Yang membedakan keduanya tersebut adalah, ketika malam hari tiba, mereka akan berpisah dan tidur di sarang masing-masing. Hal tersebut dilakukan karena rupanya keduanya tersebut memiliki selera yang berbeda dalam membuat sarang. Padahal, selain soal tempat tidur itu, mereka selalu seiya sekata.

Bagi Tempua, sarang yang baik adalah yang terbuat dari helaian alang-alang dan rumput kering yang dijalin rapi. Sehingga ia tak akan basah ketika hujan turun dan tak kepanasan ketika matahari terik. Ditambah lagi, sarang tersebut akan terlihat indah karena rapi. Namun sayangnya, ia harus menghabiskan waktu berminggu-minggu untuk membuatnya.

Di sisi lain, Puyuh lebih menyukai sarang yang sederhana dan praktis. Ia tak membutuhkan waktu berminggu-minggu untuk memilih tempat tinggal. Yang perlu ia lakukan hanyalah memilih sebuah pohon yang telah tumbang, kemudian berlindung di bawahnya. Jika mau, sewaktu-waktu ia bisa pindah ke pohon lainnya. Hal itu sangat penting khususnya untuk menghindari musuh yang mengincarnya di malam hari.

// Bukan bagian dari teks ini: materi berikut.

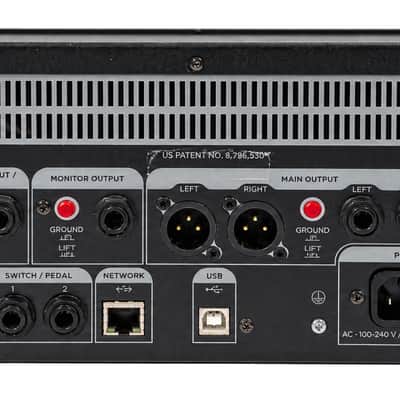 Kemper Amps Profiler Rack 2013 - 2025 - Black image 2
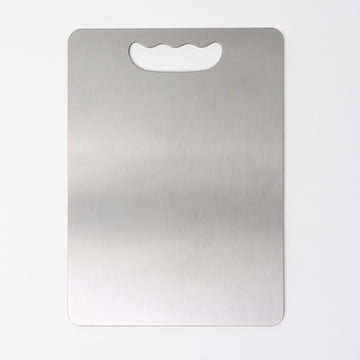 Supermom Medium Stello Stainless Steel Chopping Board Wukusy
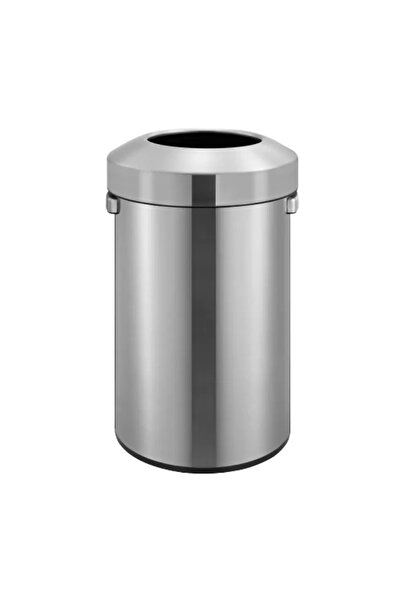 EKO Coș de gunoi EKO, Urban, 60 litri, 1 compartiment, inox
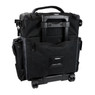 FishLab Large Roller Tackle Bag back view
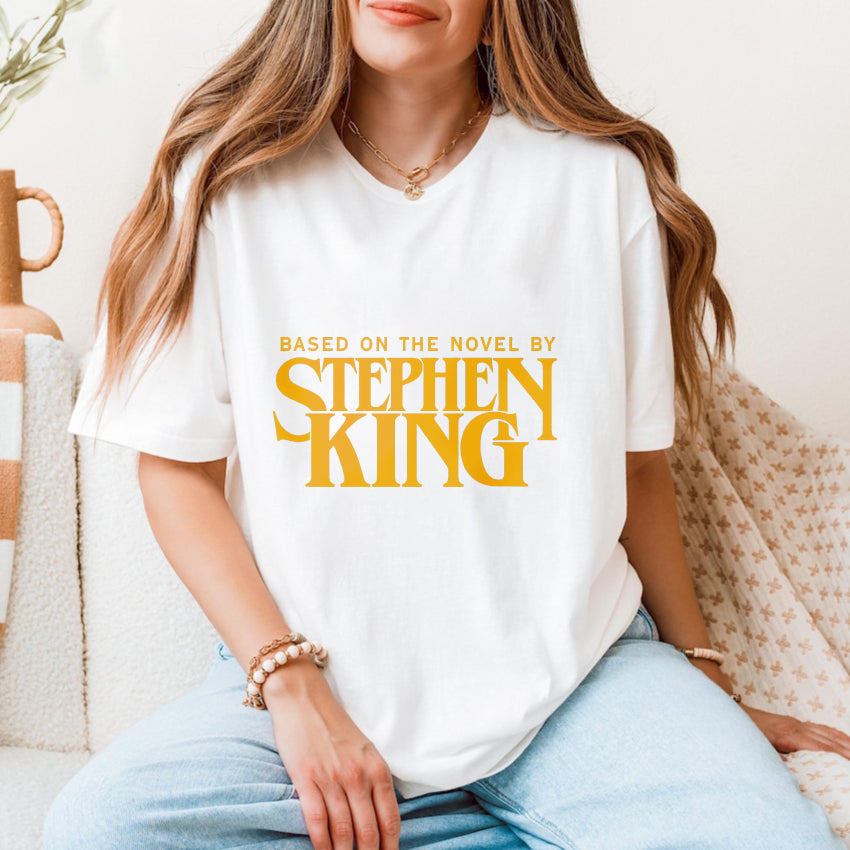 Wardrobecart Based On The Novel By Stephen King Unisex Classic T-shirt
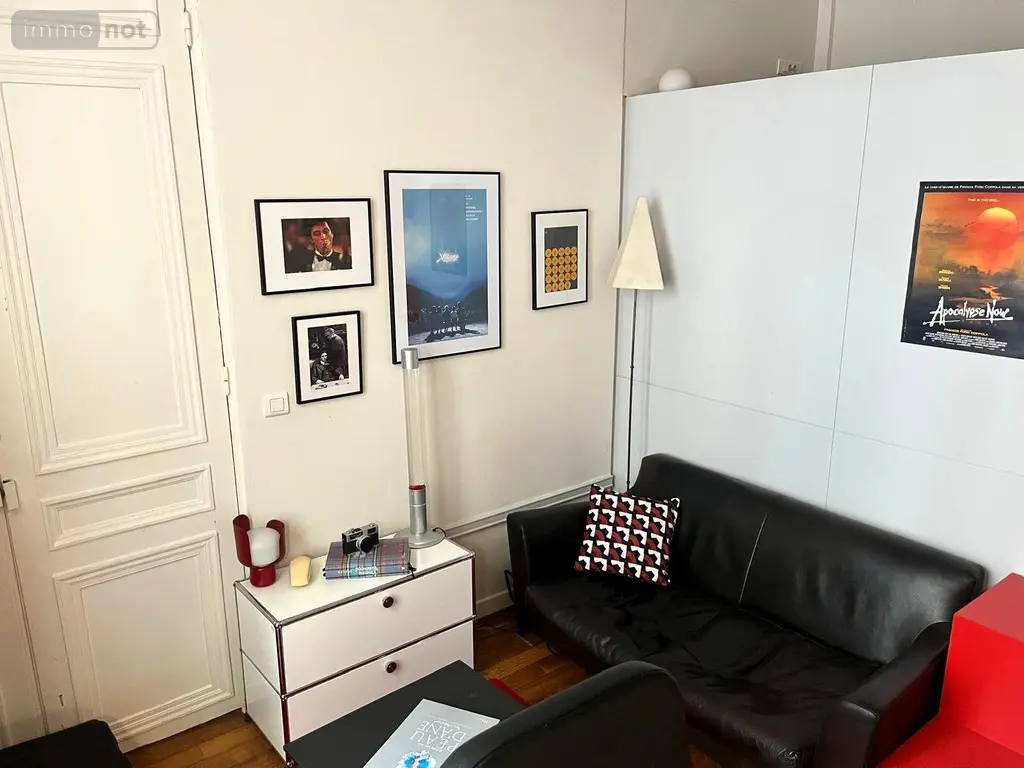 Appartement a vendre Paris 9e Arrondissement 75009 Paris 75 139 m2 5 pièces 1750000 euros 163 021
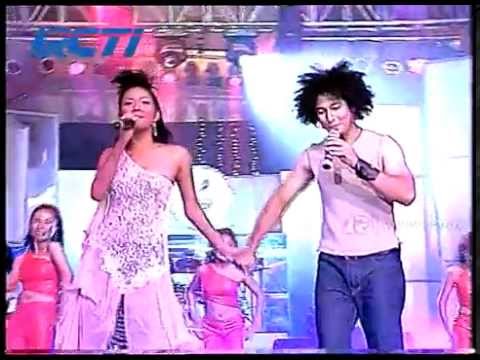 Shanty & Marcell 'Hanya Memuji' - AMI 2002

Perselisihan Antara Dua Burung

Rupanya, perbedaan selera tempat tinggal itu menimbulkan perdebatan yang terus-menerus. Kapan saja dan di mana saja, mereka selalu saja mempermasalahkan tentang sarang mereka masing-masing. Ketika sedang makan atau tengah berteduh sekalipun, selalu saja yang dibahas adalah perihal perbedaan sarang.

“Tempat tinggal itu harus terlihat indah, Puyuh!” ucap Tempua suatu hari ketika mereka berdua tengah mencari makan.

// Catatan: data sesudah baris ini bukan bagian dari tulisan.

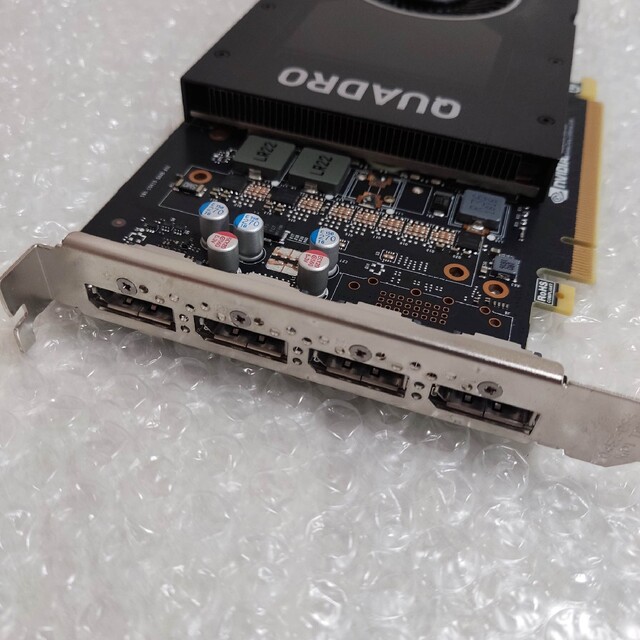 quadro p2000 動作保証の通販 by Xeon愛好家's shop｜ラクマ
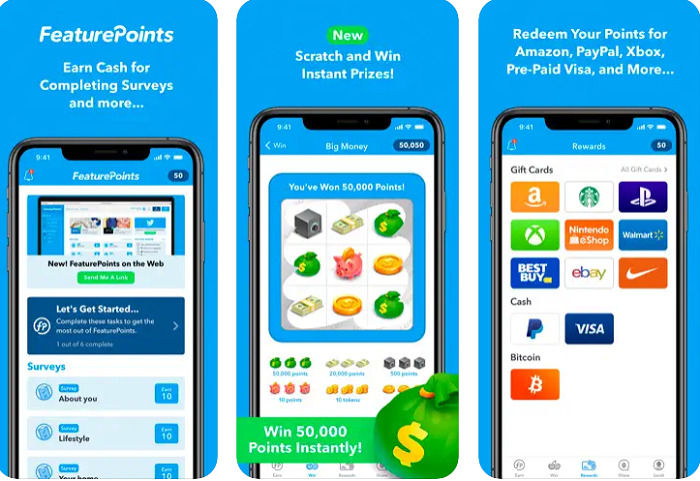 feature points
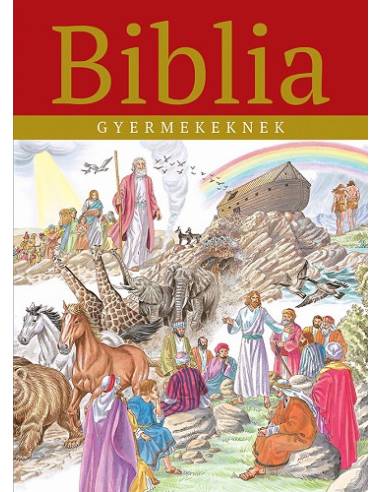 Biblia gyermekeknek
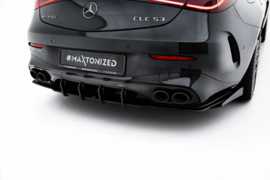 Maxton Design Achterste zijspatborden Mercedes-AMG CLE 53 C236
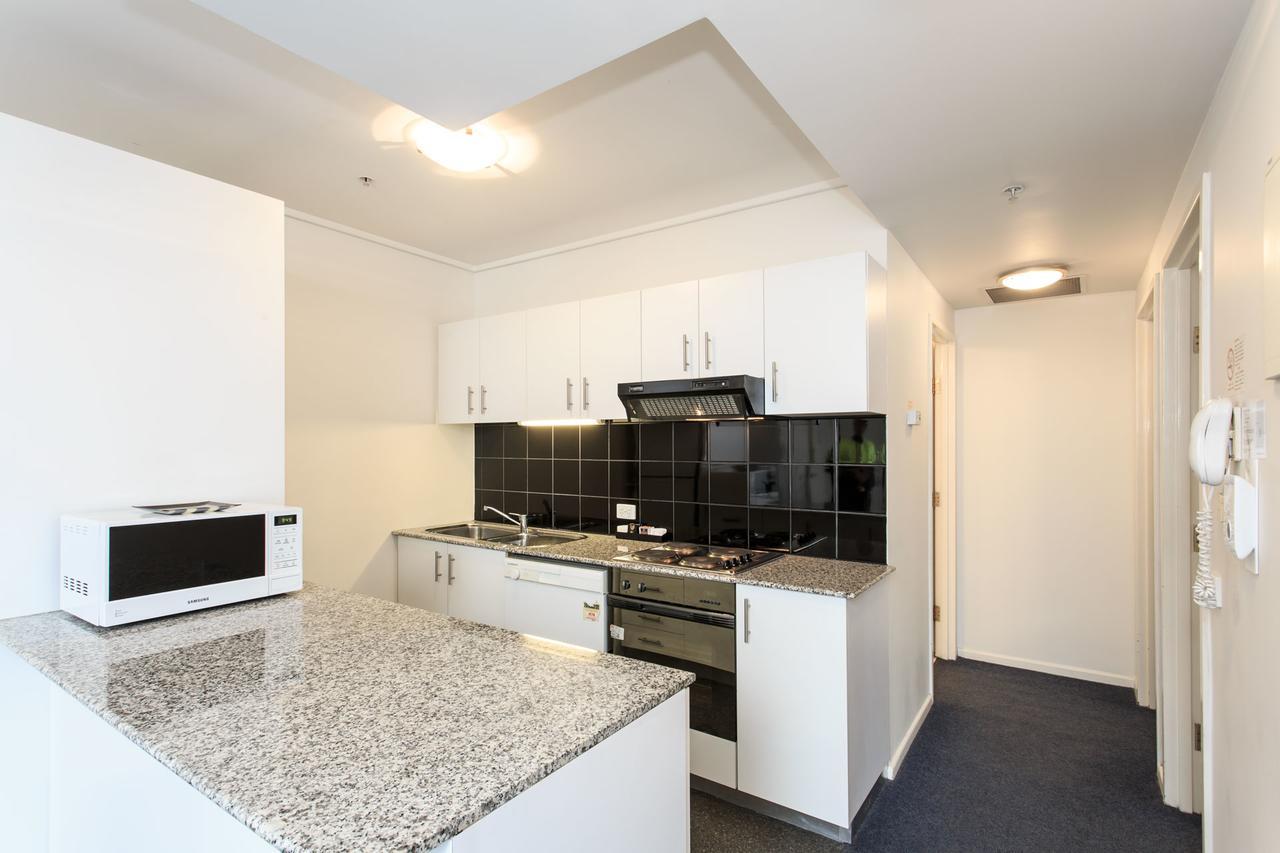 Paramount Apartments Melbourne Exteriér fotografie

“Untuk apa terlihat indah kalau tidak bisa menjamin keselamatanmu?” tanya Puyuh tak mau kalah. “Sudah repot-repot membuat sarang berminggu-minggu, tapi akhirnya hancur ketika diserang musuh!”

“Memangnya apa enaknya tinggal di bawah pohon tumbang?” tanya Tempua nyinyir. “Sudah lembab, tidak nyaman pula. Kalau hujan kau akan kedinginan, dan pohon tumbang tak akan melindungimu dari terik sinar matahari!”

Karena terus saja saling berdebat, akhirnya Tempua dan Puyuh memutuskan untuk saling mencoba sarang masing-masing. Tujuan awalnya adalah untuk membuktikan sarang siapakah yang terbaik. Tempua akan mencoba tinggal di bawah pohon yang tumbang layaknya Puyuh, dan sebaliknya Puyuh akan mencoba sarang Tempua yang terletak jauh di atas pohon.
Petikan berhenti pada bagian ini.